Exclusion, confinement, discipline and repression are not limited to the penitentiary sphere; they deeply affect the most disadvantaged sectors of the city. Some narratives reveal a significant paradox: for certain individuals, life in some prisons may at times appear less “carceral” than life in a city perceived as increasingly hostile. In these cases, prison can function as a temporary space of relative security and stability, where basic needs are met and routines and social ties are established, while outside the prison practices of exclusion, criminalization and control intensify.

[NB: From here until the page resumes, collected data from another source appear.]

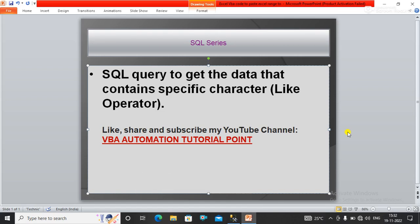Hello everyone, welcome to my YouTube channel VBA Automation Tutorial Point. If you are new to the channel, please like, share, and subscribe to get updated videos.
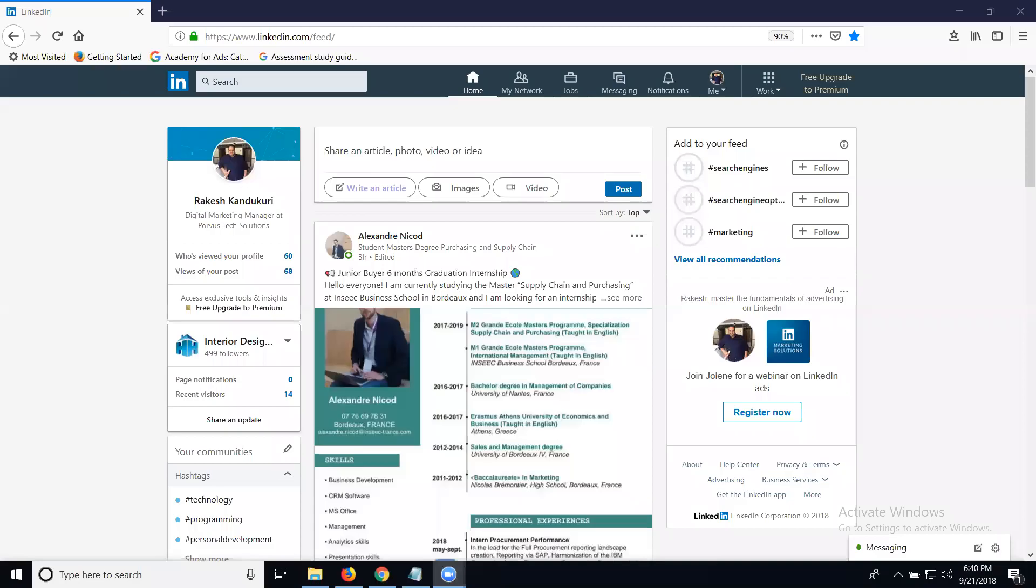If you're working on your LinkedIn profile and need to check your activity, there are different ways to check LinkedIn activity.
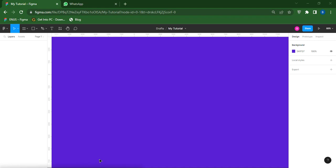Hey guys, welcome back to my channel. In this video I'll be talking about layout grid in Figma. Layout grid is a structure that helps designers align and organize elements on a canvas or a frame. Figma provides several types of grid, which you will see as we move on — there are columns, rows, and they are customized with various settings.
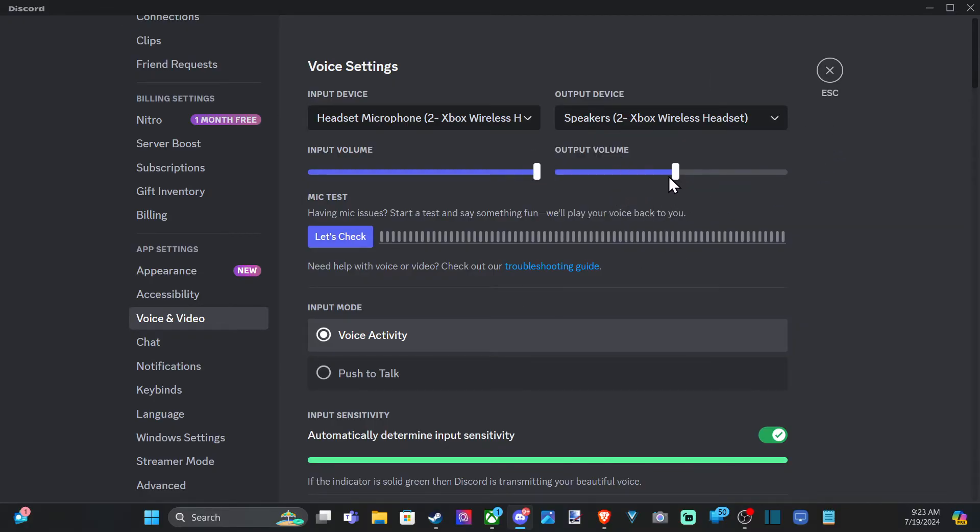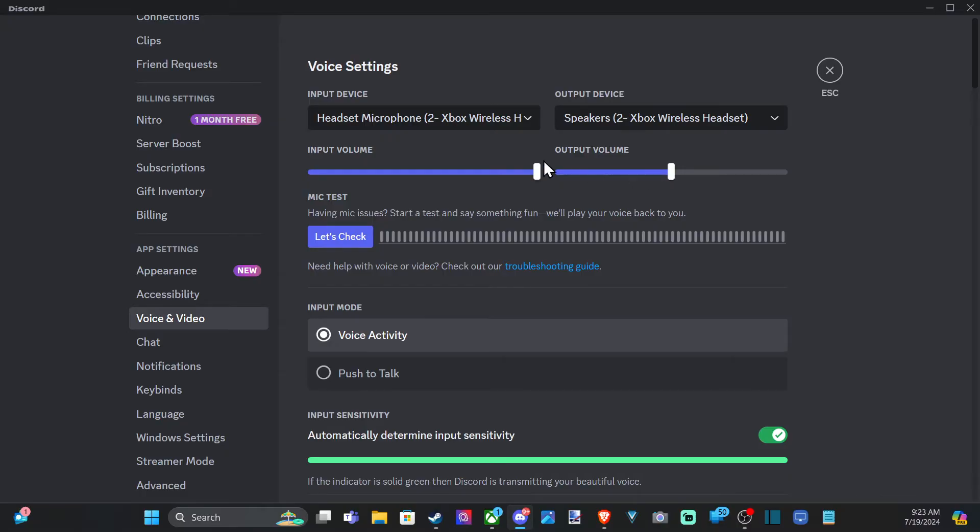So for the output volume, I typically have this just around 100% so I can hear my game sound a little bit louder than my friends who are speaking in the party chat. And then the input volume is going to be your microphone level.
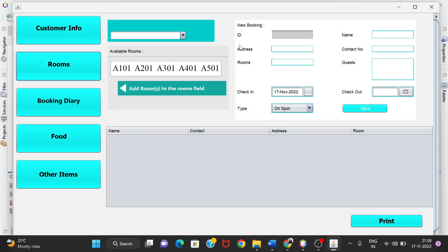Now I'll show you how to add a customer. The ID is generated by the program automatically — we just need to give the name. I'm entering the name as 'ABC', address as Bangalore, and contact details.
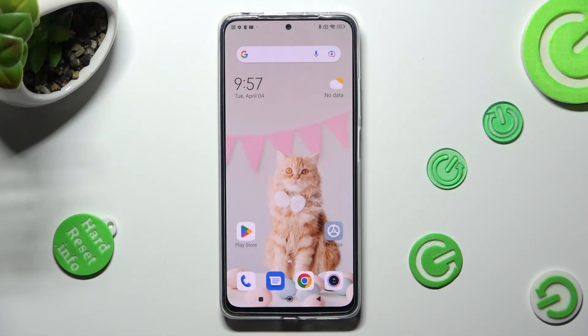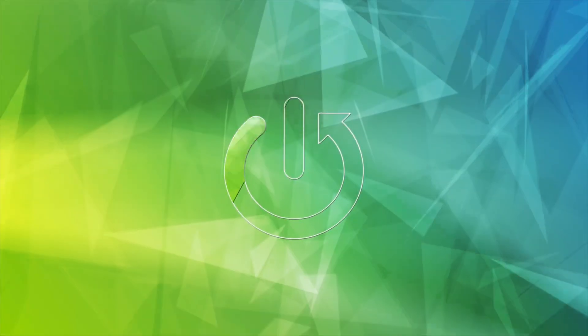Hi, in front of me is the Redmi Note 11 Pro, and today I would like to show you how you can resize icons on this device.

From this perspective, the carceral is not exclusive to the penal system but constitutes a normalized form of social and spatial organization within the neoliberal city.
By examining how the neoliberal city and its carceral logics affect inhabitants of Montevideo, and residents’ everyday strategies to navigate and endure them—which at times take the form of resistance—this paper aims to problematise the tensions between the urban and the carceral, and to offer glimpses into alternative imaginaries of urban life and less punitive ways of organizing it, opening an antagonistic horizon to the carceral and the neoliberal metropolis.